The good thing is that once this particular trial is done, then I can get back to working on a few more light-and-easy passages again!

Work and Play

So today I find myself facing a three-day weekend for the first time since I started the Current Day Job, and I’ve already planned that today will be my run to Amoeba Records for dvds and perhaps some used cds and whatnot! We’re going to see a play on Saturday and if the weather is nice, we’ll take a walk in the part on Sunday.

Even at this point in my life, I still feel guilty when I decide to spend my non-work time not writing. Even if it’s watching TV — including things we enjoy watching — I still feel that nudge that I really should have the laptop on and work on my projects. Back in my Belfry years I’d allow a few PC games before getting started, and these days it’s other things like reading webcomics or futzing around with my music library for a bit.

How do I get rid of that guilt? Well, I don’t think I’ve ever quite gotten rid of it, per se…more like I’ve chosen to just ignore it instead. I’ll say to myself that I’ll let myself play until a specific time and have a hard start time, and I’ll stick to it.

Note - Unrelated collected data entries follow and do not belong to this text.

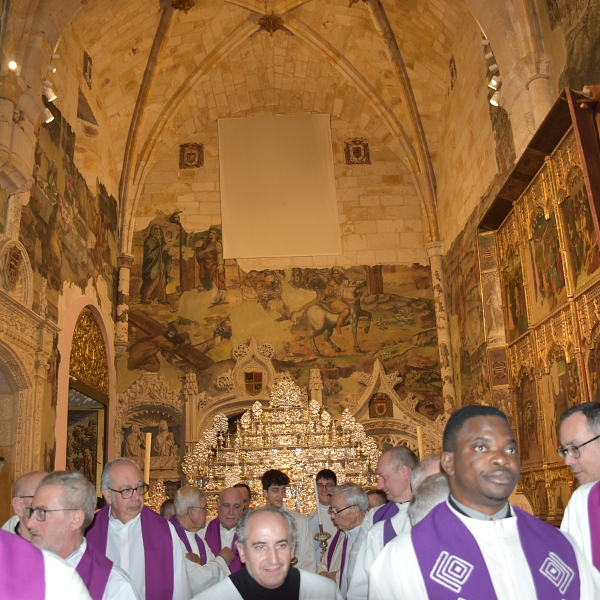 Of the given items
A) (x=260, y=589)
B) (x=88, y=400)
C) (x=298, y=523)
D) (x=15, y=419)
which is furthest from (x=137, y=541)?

And what about all this time away from the PC at my Current Day Job? Good question, actually! If I’ve realized anything over the last couple of weeks, it’s that I’d somewhat forgotten what it’s like to work somewhere surrounded by other people. I mean, more than just an office setting with the same twenty or so people…this is working in a place where I meet all sorts of locals and visitors. It’s been so much longer than I realized, and to tell the truth, I kind of enjoy it! Weird, yes, but I’m seeing it as a sort of writing research, to be honest. Letting myself have a huge rethink about my own created characters. Something I can do for fun instead of trying to squeeze in something while manning the register.

Still, I’m happy that I’ve got these days off so I can rest, too.